D. Phase 3: Semiformal verification of the IPs
HWVerifyr executes Phase 3 (Algorithm 1, lines 14-34) if there are any IPs in the output list of Phase 2. Otherwise, the tool goes to Phase 4.
Phase 3 begins by running the SRA process to generate the list of ranked registers for each IP marked for semiformal verification (Line 15). Next, it sets up the points-of-interest (PoIs) for the simulation (Line 16), which are the locations in the ESW that access any of the mapped registers. Following this, the simulation starts (Line 17). Whenever the simulator executes an instruction that involves a PoI (Line 19), the semiformal verification process begins. First, HWVerifyr communicates with the simulation engine to collect the dynamic data for the current ranked registers (Line 21). Next, it creates stop-ats associated with the registers (Line 22) and uses the values from the simulation to generate assumptions for the registers' outputs (Line 23). The formal tool, then, tries to prove the properties associated with the current IP using the generated stop-ats and assumptions (Line 24).

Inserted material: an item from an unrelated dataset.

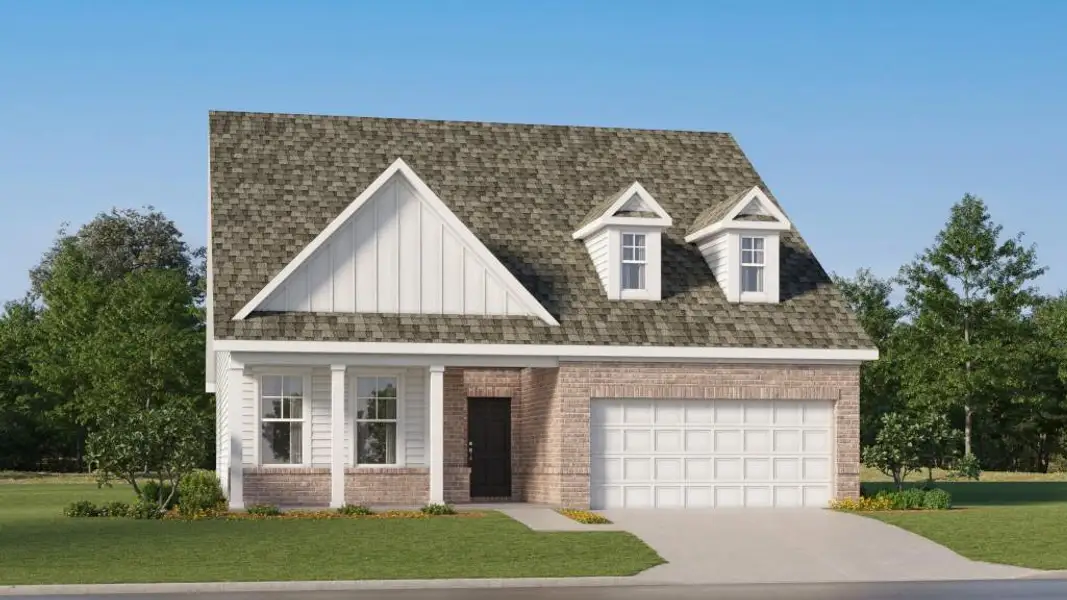 Front exterior of a new home in Bankstone Landing, Perry, GA, highlighting curb appeal (Image 1).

The verification runs for the duration of the time limit. If it cannot complete and there are no more registers left, the tool either black boxes the IP (Line 28), if the user chose to black box failing IPs or it aborts the process and outputs the results to the user (Line 30). If the list of ranked registers still has elements, the tool uses the next in the sequence and restarts the semiformal verification process (Line 32). If the model checker verifies the IP successfully, the tool removes it from the list and resumes the simulation (Line 34). This loop executes until all IPs are either verified or black-boxed or if it fails.
A stopat is an abstraction used to "cut" the driving logic beyond a chosen point. This enables the model checker to choose a value for a proof. Furthermore, assumptions can tell the model checker which value it must use from that point on.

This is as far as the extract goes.